Best regards, Yours,
THEM (or, to be strictly grammatical, THEY),
Oh, alas and alack, the terrible THEM is out to get me . . . How shall I ever survive the anschluss of THEM that attack, the castigating sting of THEM's lash— fear clouds my unflawed vision, so utterly terror-stricken am I at the very prospect of THEM's great and mighty wrath. Oh me-o, Oh my-o, oh why-o why-o did I leave Ohio? . . . what shall the insignificant Architeuthis do in the face of this great and cyclopean calamity? I can hardly peck out this column, my arms and tentacles quake and tremble so!
Well, perhaps this poor and helpless cephalopod might begin by tracing this message back to its origin— and discovering that it was pounded out by none other than Brian Metzger, aged 15, of Spoke Anne, Washing-Ton. Brian's turn-ons include low-resolution Internet pornography featuring the much-wizened and ejaculating upon his own visage. His turn-offs are venturing out beyond the flimsy door of his domicile and interacting meaningfully with other highly-evolved life forms. He prefers the moniker "Big Bri," although this clearly refers neither to his cranium nor his "generative tentacle." Perhaps the overswelled ego is the source of Bri's Bigness? THEM, indeed.
And why must there eternally be the supposition that, arriving withunto the Motown has been a "retreat" or "failure" or "fall"? Upon completing my circumperambulation Americanum I chose, free of coercion, to shift our CinCinAttAtti offices to the grim husk that is D-town. Point the first: racial incidences in CinCinAttus' Town are deplorable at best— whilst roaming your great nation I developed . . . well, certainly the term severance is vastly hyperbolic (e.g., no matter how much you admire that dog's perspicacity in eating his own feces, I do doubt you "revere" him), but confessing a certain fondness for the Afro-Americanas is, by no means, out of the line. Sometime in the future, Big Bri, I shall discourse at length as to how I came to this affection. At any rate, let it be known that the treatment of race in CinCinCity was, at its very best, unconscionable, and I subsequently sought— and located— a city more certainly devoted to "brotherly love." Point the second: The real estate market at large, especially in light of certain grants, loans and tax-incentives peculiar to the Metropolitan Detroit Region, made such a move an offer not to be missed.

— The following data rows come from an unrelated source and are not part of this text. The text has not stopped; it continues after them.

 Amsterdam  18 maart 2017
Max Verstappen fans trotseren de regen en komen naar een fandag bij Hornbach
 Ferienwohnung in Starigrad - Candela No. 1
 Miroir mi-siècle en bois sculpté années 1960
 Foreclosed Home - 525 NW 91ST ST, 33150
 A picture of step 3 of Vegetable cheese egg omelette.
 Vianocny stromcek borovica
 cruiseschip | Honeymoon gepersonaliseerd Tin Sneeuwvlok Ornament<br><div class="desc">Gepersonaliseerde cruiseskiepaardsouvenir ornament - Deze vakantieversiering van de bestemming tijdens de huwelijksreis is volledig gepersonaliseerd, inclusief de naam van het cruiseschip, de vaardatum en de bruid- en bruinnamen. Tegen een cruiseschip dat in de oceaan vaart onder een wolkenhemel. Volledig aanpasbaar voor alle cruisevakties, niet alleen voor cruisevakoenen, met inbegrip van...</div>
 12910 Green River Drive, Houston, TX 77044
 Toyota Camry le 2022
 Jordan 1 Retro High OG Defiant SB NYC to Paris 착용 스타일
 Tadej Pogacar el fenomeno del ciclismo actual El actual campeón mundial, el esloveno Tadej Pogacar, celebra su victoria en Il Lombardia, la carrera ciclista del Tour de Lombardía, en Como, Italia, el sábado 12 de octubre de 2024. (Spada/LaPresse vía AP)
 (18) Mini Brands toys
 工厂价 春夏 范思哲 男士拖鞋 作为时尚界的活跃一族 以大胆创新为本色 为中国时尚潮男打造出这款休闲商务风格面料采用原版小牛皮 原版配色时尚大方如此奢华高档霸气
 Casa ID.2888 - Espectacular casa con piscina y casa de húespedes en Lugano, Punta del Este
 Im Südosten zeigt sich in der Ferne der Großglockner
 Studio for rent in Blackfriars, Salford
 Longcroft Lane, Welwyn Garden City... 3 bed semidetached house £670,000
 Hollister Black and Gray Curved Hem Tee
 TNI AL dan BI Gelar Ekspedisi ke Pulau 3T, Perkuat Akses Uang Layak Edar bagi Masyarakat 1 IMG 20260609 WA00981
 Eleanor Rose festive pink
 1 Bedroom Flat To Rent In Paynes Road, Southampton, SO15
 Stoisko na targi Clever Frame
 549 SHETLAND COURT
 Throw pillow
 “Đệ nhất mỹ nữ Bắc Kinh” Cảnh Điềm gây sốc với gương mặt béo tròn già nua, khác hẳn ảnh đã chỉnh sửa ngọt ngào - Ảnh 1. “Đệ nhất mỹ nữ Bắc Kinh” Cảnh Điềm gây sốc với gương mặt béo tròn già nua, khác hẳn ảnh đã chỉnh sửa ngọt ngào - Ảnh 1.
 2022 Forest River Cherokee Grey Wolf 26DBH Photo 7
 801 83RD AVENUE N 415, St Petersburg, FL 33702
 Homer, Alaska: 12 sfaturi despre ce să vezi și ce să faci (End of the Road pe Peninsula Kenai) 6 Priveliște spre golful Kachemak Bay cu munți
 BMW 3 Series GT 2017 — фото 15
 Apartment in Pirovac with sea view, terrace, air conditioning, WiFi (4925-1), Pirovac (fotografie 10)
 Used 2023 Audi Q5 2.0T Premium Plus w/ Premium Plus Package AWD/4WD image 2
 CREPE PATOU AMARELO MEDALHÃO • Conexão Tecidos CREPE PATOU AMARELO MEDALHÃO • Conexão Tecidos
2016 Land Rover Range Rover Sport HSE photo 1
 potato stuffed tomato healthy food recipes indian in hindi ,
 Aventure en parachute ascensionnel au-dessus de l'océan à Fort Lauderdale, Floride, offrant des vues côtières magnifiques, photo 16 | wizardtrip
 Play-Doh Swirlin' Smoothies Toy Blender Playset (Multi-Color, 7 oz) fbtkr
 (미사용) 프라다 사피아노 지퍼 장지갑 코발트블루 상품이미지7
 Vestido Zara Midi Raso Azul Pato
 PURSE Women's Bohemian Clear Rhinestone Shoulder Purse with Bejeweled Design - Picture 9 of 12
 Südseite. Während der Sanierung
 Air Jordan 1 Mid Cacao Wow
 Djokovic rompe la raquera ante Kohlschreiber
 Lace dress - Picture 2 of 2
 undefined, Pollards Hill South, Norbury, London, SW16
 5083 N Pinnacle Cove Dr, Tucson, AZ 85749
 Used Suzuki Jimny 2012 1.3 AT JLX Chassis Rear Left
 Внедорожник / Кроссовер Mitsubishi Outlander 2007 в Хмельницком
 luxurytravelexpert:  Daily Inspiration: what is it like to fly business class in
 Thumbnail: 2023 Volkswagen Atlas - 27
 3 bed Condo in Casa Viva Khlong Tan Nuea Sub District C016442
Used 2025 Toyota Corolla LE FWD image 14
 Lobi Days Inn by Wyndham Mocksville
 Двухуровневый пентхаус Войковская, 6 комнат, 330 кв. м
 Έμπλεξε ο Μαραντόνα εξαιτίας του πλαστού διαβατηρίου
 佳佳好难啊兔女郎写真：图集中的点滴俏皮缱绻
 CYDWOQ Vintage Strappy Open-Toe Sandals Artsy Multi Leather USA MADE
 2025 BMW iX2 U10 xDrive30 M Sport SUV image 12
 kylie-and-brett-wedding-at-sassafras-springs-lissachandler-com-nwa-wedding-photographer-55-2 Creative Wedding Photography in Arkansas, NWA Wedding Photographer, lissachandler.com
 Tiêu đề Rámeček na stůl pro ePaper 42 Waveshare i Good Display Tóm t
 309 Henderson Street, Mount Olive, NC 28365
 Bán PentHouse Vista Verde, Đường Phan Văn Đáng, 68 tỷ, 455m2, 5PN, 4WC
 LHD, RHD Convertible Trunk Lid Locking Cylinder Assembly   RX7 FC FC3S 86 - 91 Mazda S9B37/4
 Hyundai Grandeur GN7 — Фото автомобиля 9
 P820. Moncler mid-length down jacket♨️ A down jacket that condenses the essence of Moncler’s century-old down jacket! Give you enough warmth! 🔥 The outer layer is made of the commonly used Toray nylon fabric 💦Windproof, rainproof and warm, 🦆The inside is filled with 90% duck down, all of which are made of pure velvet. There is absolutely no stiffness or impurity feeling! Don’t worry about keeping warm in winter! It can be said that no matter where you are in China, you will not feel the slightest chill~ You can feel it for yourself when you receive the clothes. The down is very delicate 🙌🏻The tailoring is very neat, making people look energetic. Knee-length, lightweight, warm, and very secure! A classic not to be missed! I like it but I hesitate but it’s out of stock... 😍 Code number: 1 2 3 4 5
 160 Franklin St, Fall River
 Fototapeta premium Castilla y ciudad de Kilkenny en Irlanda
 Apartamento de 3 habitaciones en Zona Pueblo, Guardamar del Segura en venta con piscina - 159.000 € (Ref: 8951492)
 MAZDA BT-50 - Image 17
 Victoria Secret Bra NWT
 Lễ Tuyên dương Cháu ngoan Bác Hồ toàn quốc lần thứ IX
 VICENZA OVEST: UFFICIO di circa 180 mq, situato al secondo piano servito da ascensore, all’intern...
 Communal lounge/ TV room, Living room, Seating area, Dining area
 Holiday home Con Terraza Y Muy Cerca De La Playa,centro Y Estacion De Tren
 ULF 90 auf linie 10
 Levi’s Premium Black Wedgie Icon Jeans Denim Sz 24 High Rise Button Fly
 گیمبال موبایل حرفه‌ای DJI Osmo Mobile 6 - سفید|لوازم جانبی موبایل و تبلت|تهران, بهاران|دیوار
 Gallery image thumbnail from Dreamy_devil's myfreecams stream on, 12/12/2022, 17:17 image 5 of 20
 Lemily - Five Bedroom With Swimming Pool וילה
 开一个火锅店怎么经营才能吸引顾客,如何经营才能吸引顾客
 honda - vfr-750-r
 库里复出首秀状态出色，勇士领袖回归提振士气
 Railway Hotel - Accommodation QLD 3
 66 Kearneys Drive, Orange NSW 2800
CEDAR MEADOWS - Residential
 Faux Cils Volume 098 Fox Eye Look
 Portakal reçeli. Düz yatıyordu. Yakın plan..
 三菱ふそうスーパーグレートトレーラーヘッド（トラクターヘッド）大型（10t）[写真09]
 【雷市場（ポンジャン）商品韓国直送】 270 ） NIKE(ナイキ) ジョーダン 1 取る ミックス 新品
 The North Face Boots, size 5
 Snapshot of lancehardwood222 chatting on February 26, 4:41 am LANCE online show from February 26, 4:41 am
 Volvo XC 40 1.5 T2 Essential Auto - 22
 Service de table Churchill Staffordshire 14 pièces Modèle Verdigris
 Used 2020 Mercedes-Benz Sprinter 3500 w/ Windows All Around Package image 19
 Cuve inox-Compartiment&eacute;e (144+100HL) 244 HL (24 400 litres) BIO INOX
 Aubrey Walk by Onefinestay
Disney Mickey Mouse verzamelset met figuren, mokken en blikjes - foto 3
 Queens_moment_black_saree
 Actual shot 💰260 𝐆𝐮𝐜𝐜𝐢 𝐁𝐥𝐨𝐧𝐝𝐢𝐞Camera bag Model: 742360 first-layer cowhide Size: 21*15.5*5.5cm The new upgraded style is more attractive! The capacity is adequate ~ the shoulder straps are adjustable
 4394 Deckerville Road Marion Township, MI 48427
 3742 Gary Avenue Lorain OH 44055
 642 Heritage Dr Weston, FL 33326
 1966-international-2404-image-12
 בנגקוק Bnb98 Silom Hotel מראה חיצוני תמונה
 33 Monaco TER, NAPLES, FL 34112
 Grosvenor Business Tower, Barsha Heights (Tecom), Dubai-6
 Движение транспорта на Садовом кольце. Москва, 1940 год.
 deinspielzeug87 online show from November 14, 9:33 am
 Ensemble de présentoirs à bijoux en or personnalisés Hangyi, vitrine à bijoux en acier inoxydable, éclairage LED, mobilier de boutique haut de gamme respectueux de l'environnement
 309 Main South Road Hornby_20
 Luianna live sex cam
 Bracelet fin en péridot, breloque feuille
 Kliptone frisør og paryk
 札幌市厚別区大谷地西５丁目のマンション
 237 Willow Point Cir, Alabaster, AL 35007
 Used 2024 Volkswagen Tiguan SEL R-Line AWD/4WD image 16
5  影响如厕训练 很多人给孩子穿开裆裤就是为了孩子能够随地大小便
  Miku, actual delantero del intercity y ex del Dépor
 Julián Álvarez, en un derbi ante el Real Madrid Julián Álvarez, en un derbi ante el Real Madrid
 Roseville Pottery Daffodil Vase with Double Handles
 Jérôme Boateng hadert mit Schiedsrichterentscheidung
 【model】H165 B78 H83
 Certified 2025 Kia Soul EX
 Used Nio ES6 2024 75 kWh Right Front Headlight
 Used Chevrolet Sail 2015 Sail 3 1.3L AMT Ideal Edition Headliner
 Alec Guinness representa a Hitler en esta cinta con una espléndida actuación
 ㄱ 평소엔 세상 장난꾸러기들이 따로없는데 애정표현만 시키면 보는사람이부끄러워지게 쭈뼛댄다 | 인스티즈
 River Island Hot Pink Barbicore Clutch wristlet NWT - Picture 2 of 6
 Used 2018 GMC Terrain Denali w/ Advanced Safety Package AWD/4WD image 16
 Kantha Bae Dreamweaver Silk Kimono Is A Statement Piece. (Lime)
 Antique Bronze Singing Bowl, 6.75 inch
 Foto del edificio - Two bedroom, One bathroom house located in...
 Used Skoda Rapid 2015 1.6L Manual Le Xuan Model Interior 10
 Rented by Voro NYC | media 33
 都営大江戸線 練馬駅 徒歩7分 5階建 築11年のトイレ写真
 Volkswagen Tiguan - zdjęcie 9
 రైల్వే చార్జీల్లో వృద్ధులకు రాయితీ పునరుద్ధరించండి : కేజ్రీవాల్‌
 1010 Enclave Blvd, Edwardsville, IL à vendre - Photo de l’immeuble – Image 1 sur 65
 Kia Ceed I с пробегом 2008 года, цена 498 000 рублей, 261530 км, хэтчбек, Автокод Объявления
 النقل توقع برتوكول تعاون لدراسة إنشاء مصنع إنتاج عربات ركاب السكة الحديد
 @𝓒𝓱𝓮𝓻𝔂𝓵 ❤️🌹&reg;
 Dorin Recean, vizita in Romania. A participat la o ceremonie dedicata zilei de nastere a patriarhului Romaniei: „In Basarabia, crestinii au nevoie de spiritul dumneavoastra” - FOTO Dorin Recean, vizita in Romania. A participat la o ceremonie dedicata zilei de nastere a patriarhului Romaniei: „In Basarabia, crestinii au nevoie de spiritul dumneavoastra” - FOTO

But, the long story truncated, let it be known that I have neither been run out of previous home, nor slunk off to greener, easier pastures. Victoriously I returned from Washing-Ton Deca, again possessed of my mighty name, and of my own volition have quit frigid, souless CinCinAtti in favor of the deeply soulful, socially equitable Motortown.
As for the dance you request, please rest assured that it shall occur— a knock-kneed fandango a la Ginger Rogers and Fred Astaire, featuring Sang as the latter and his assistant Rob as the former— to be performed upon your fresh grave.
Perhaps, Big Bri, you should tread more lightly in the presence of Gods?